[5] Reversible enzyme inhibitors as mechanistic probes

Publisher Summary Although competitive inhibitors have been used extensively for a variety of reasons in enzyme experiments, their value as tools, for making a choice of kinetic mechanism, from among possible alternatives, was not realized until 1962, when Fromm and Zewe suggested that competitive inhibitors of substrates could be used to differentiate between the random and ordered mechanisms. Furthermore, in the latter case, a determination of the substrate binding order could be made from such experiments. This protocol is quite likely to be the simplest approach for differentiating between ordered and random Bi Bi possibilities. In addition, it has the advantage of permitting the kineticist to come to definitive conclusions from the studies of reactions in a single direction only. Its obvious limitation involves the requirement that a competitive inhibitor be available for each substrate. However, when other initial rate data are available, a good deal of information, concerning the kinetic mechanism, may be provided from the experiments with only one substrate analog even for Bi and Ter reactant systems.

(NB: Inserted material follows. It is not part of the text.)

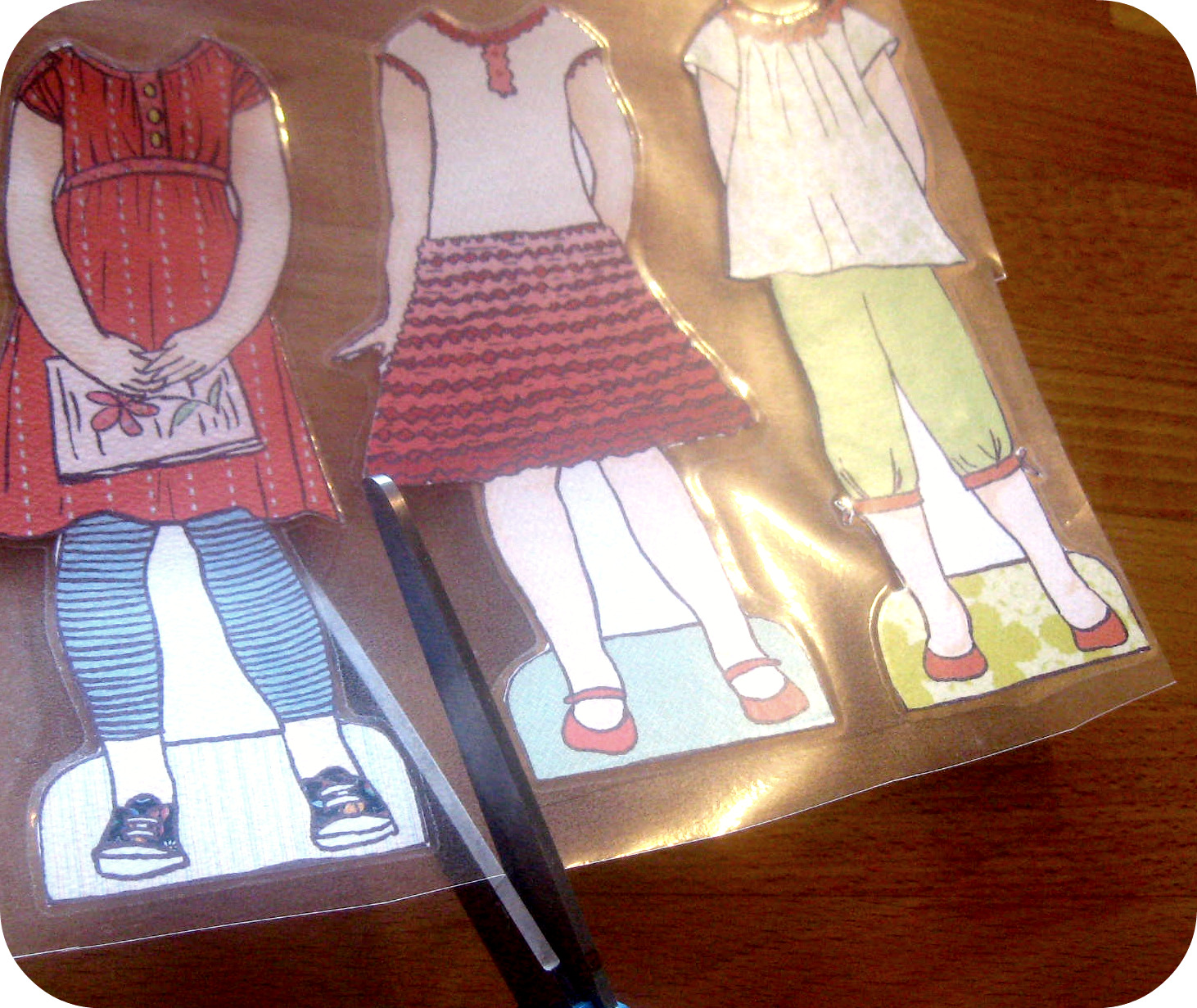 Lily & Thistle Tutorial How to Laminate and Add Velcro or to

In this chapter, it is assumed that the competitive inhibitor, which is usually a substrate analog, when bound to the enzyme, will not permit product formation to occur. These inhibitors are then dead-end inhibitors as contrasted with “partial” competitive inhibitors that when associated with the enzyme allow the formation of product either at a reduced or accelerated rate. In addition, it is assumed here that enzyme-inhibitor complex formation occurs rapidly relative to other steps in the reaction pathway.